The rest of the cost is egress on Linode.
The nice thing about this is we gets lots of storage and downloads are fairly fast - most assets are served from memory in userspace.
Following thread to look for even cheaper options without using cloudflare lol
This is still crazy expensive. Cloud providers have really warped people’s expectations.
Actually, since the Akami acquisition it would be even cheaper.
$800/mo to serve 100TB with fairly high bandwidth and low latency from cold storage is a good deal IMO. I know companies paying millions a year to serve less than a third of that through AWS when you include compute, DB, and storage.
Backups probably wouldn't be much more.
You could just run Varnish with the S3 backend. Popular files will be cached locally on the server, and you'll pay a lot less for egress from Wasabi.
Hetzner has excellent connectivity: https://www.hetzner.com/unternehmen/rechenzentrum/ They are always working to increase their connectivity. I'd even go so far to claim that in many parts of the world they outperform certain hyperscalers.

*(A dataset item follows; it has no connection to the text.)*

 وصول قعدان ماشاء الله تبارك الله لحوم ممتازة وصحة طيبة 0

Also I know that some cheaper Home ISPs also cheap out on peering.
Now, this was some time ago, so things might have changed, just as you suggested.
And that's only 309Mbits/s (or 39MB/s).
And a used refurbished server you can easily get loads or ram, cores out the wazoo, and dozens of TB's for under $1000. You'll need a rack, router, switch, and batt backup. Shouldn't cost much more than $2000 for this.

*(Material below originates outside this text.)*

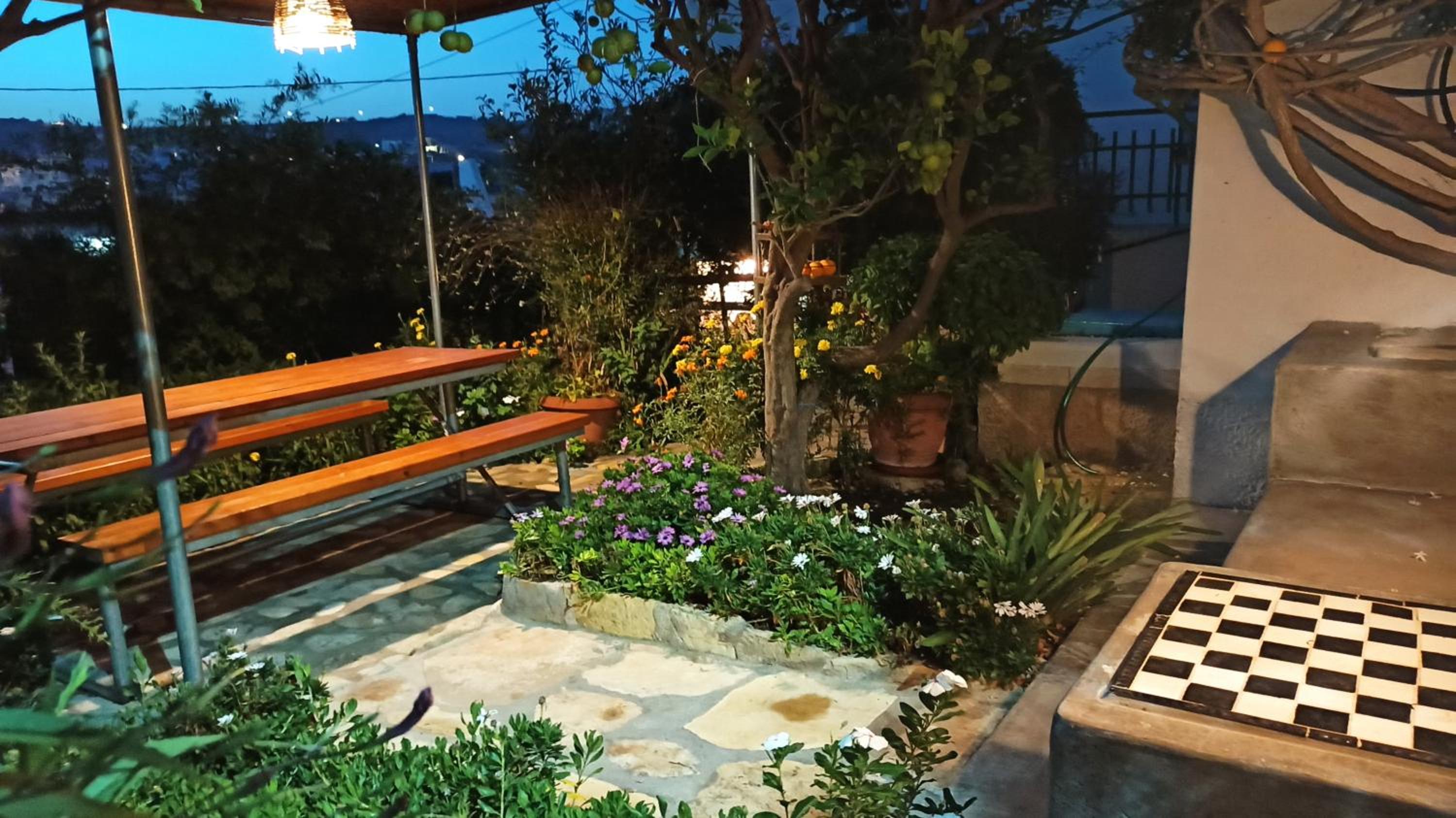 Photo 10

who are you serving it to?
how often does the data change?
is it read only?
What are you optimising for, speed, cost or availability? (pick two)
I tried this using Pine ROCKPro64 to possibly install Ceph across 2-5 RAID1 NAS enclosures. The problem is I can't get any of their dusty Linux forks to recognize the storage controller, so they're $200 paperweights.
I wrote a SATA HDD "top" utility that brings in data from SMART, mdadm, lvm, xfs, and the Linux SCSI layer. I set monitoring to look for elevated temperature, seek errors, scan errors, reallocation counts, offline reallocation, and probational count.
> If your monthly egress data transfer is greater than your active storage volume, then your storage use case is not a good fit for Wasabi’s free egress policy.
If you recover only small data, it’s also not expensive. The only problem is if you recover large data. That would be a major problem.
I don’t think many other solutions are equally fast and secure.
AWS operation is pretty transparent, documented, audited and used by governments. You can lock it down heavily with IAM and a CMK KMS key, and audit the repository. The physical security is also pretty tight, and there is location redundancy.
Even hetzner doesn’t have proper redundancy in place. Other major providers in France burned down (apparently with with data loss), or had security problems with hard drives stolen in transport.
I don’t work for AWS, don’t have much data in there, just saying. GCP and Azure are probably also good.